L’Etrange
Il a un visage d’ours triste, débonnaire. Lui, c’est l’étrange, un clandestin qui a fui son pays, peut-être sa misère ou la guerre… On ne sait pas. Il n’a ni passé, ni papiers, et encore moins d’identité dans le pays où il s’exile. Ici débute son chemin de croix entre aide généreuse et hostilité latente : logeurs, passeurs, policiers ou réseaux d’aide balisent le quotidien d’un clandestin plongé dans l’incertitude du lendemain, apatride du monde…
Jérôme Ruillier poursuit son travail d’auteur engagé, après Les Mohamed, mémoires d’immigrés (chez Sarbacane), avec cette fable réaliste traitant de l’immigration et de ces individus perçus davantage comme des problèmes que des personnes dans le besoin.

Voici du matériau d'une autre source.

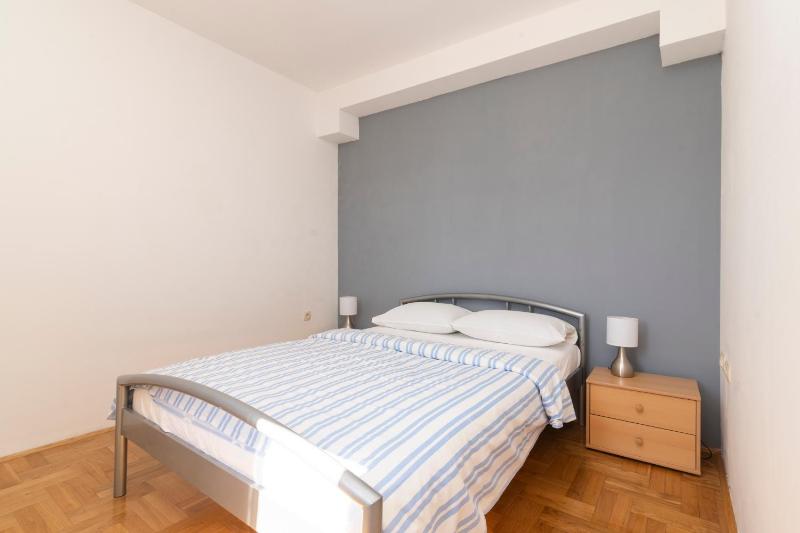 Apartments with swimming pool Kastel Stafilic Kastela - 24312 - image 14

Avec malice, l’auteur ne nomme ni les personnages ni les lieux, préservant ainsi l’universalité de son récit, y ajoutant le croisement des points de vue pour le traitement narratif : le déraciné, dont personne ne comprend la langue, est décrit par les gens qui le croisent — un passager de bus, une voisine, un chauffeur de taxi… Autre astuce, son usage de l’anthropomorphisme : les acteurs sont des animaux – tigre, ours, corneille – avec leurs traits propres.
Le sans-papier, lui, est un miroir dans lequel chacun projette ses représentations et peurs, mais se révèle aussi objet d’empathie. Confronté aux obstacles quotidiens – les voisins, la police, la justice, l’administration –, il suit une trajectoire heurtée, sans cesse reformulée par les événements, à la lumière des motivations de chacun. Intéressant de bout en bout, bien mené et plutôt émouvant, porté aussi par son trait presque enfantin et ses teintes légères, L’Etrange produit son petit effet sans mal.
Mais l’album a les défauts de ses qualités. Le procédé, s’il est parfaitement adapté ici, a un petit air de déjà-vu, et le choix de traduire les paroles de l’immigré en renvoyant systématiquement au bas de page se révèle assez lourd dans la durée. Le texte lui, abondant et travaillé, avec des citations de l’ex-président Sarkozy, renforce le réalisme mais souffre justement d’une approche trop explicite ou factuelle. A l’image du dessin, plus de suggestion aurait nourri la fable. Mais L’Etrange a finalement le grand mérite de parler avec sobriété d’un sujet brûlant, sans s’interdire engagement ou émotion. Un plaidoyer pour plus d’humanité en somme. Pourquoi pas.